Concepts of “Race” in the History of the Humanities

Organisatoren
Bucerius Institute for Research of Contemporary German History and Society
Ort
Haifa
Land
Israel
Vom - Bis
26.10.2010 - 28.10.2010
Url der Konferenzwebsite
Von
Anne Kunze, Historisches Seminar, Universität Hamburg

Recent scholarship has documented the presence of "race" in virtually every branch of the humanities, but there has not been a collective attempt to address this history across the humanities as a whole in a broader, comparative, cross-disciplinary, and cross-national context. Against this background, AMOS MORRIS-REICH (University of Haifa) and DIRK RUPNOW (Institut für Zeitgeschichte der Universität Innsbruck) had invited nineteen international scholars from various disciplines to the University of Haifa to discuss the different concepts of race in the history of the humanities and provide such an inclusive approach. Unfortunately, Dirk Rupnow was unable to attend the conference due to illness.

As AMOS MORRIS-REICH pointed out in his opening remarks – reflecting the ideas of both organizers –, several questions guided the whole conference: How characteristic were historical instances that have been documented for whole disciplines such as archeology or art history? How integrated were notions of race into the humanistic methods of study such as philology? Did notions of race undergo significant transformations? Were there fields that were particularly vulnerable to notions of race, and why? What were the implications of the presence of notions of race, and what was at stake? Is the subject solely historical, or, similarly to genetics, is this field relevant for contemporary scholarship? What were the questions that notions of race in the humanities came to answer? While the Nazi context is an obvious and necessary one in the study of race, the conference focused primarily on less radical contexts – although Nazi Germany naturally remained at the subtext of the discussions.
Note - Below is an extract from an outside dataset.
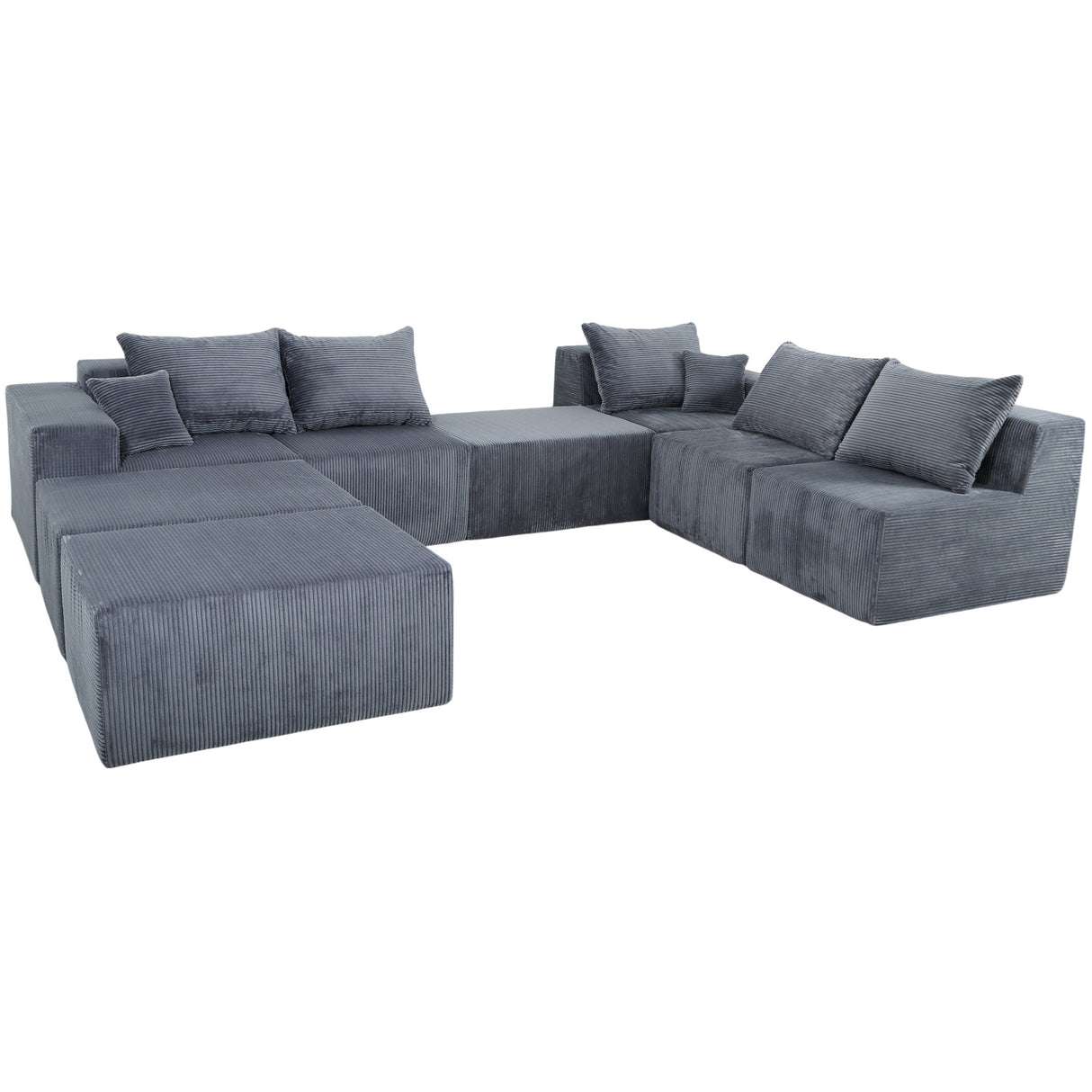 Luxury Modular U-Shaped Sectional Sofa with Chaise Lounge and Bed, Grey Corduroy Upholstery, No Assembly Needed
SANDER GILMAN initiated the conference by giving an overview about the use of “race”. In the 21st century, Gilman argued, older, predictable biological categories such as “race” have reappeared. New genetic data has enabled scientists to re-examine the relationship between human genetic variation and “race”. Referring to alleged “Jewish genetic disease” Gilman claimed that genetic clusters are also correlated with some traditional concepts of race, but that the correlations were imperfect because genetic variation tends to be distributed in a continuous, overlapping fashion among populations. Therefore, ancestry, or even race, may in some cases prove useful in the biomedical setting, but direct assessment of disease-related genetic variation will ultimately yield more accurate and beneficial information. The contemporary most frequent commercial use of DNA testing in the US is to check paternity – as Gilman asked: “Do you really know who your Daddy is?”

JOAN-PAU RUBIES contended that although in early modern Europe and up to the mid eighteenth century cultural diversity was usually explained with reference to religion, climate and national genealogy, without any serious equivalent to racist ideologies, the possible connections between earlier ideas and the stronger theories of the late 18th and early 19th centuries cannot be entirely dismissed. He pointed out that various constituent elements of later racist thought existed but did not constitute a dominant discourse in early modern Europe.
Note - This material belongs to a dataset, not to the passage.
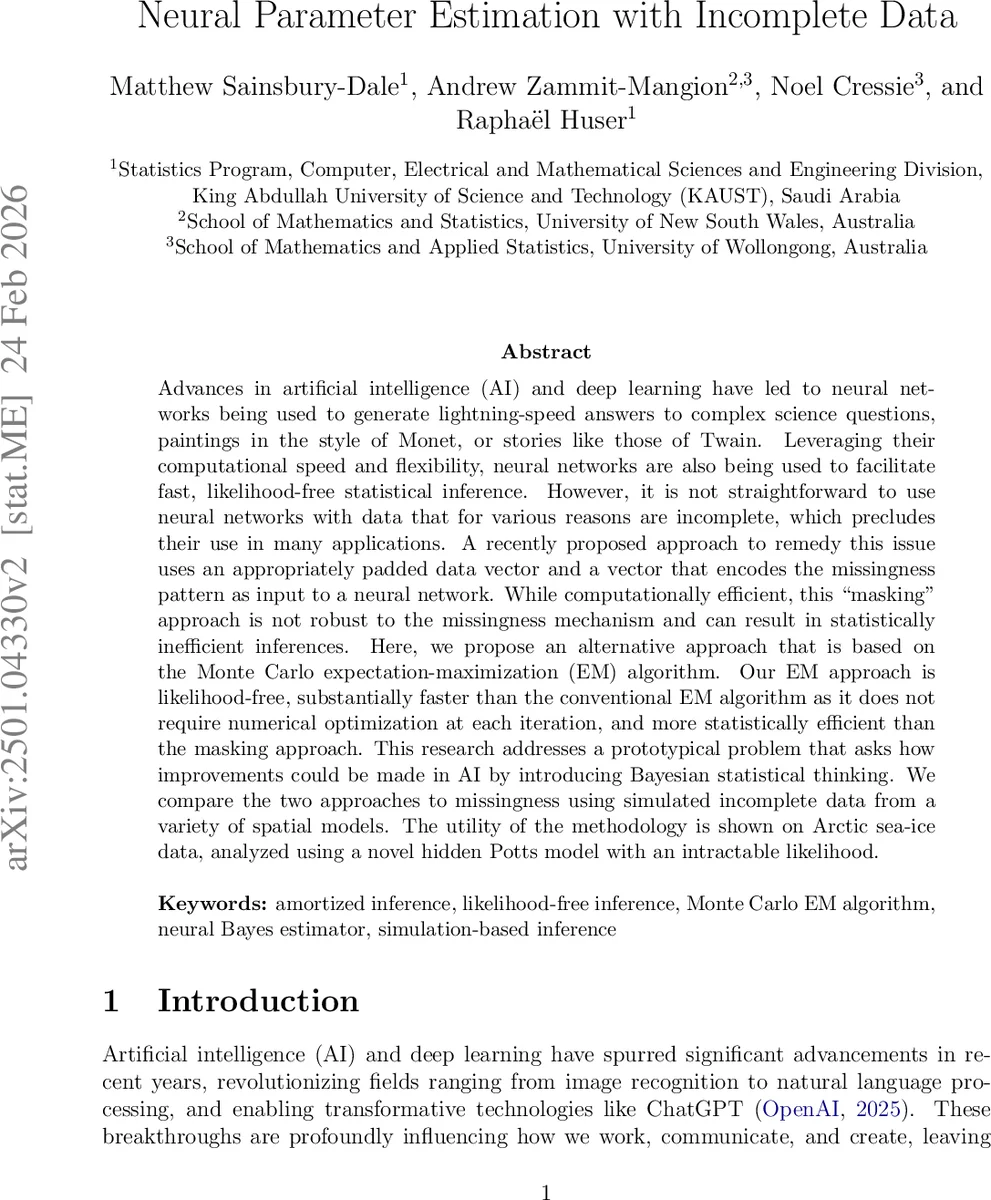 Neural Parameter Estimation with Incomplete Data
As SUSANNE LETTOW pointed out, the concept of race has been articulated in classical German philosophy in several different ways. Lettow argued that the reflections on “race” are linked with central philosophical projects and questions, particularly in the works of Kant and Hegel. At the beginning of the 19th century “race” coexisted not only with older classificatory concepts, but also with similar or competing concepts, like the people and the nation, or Hegel’s geopolitical concept of race.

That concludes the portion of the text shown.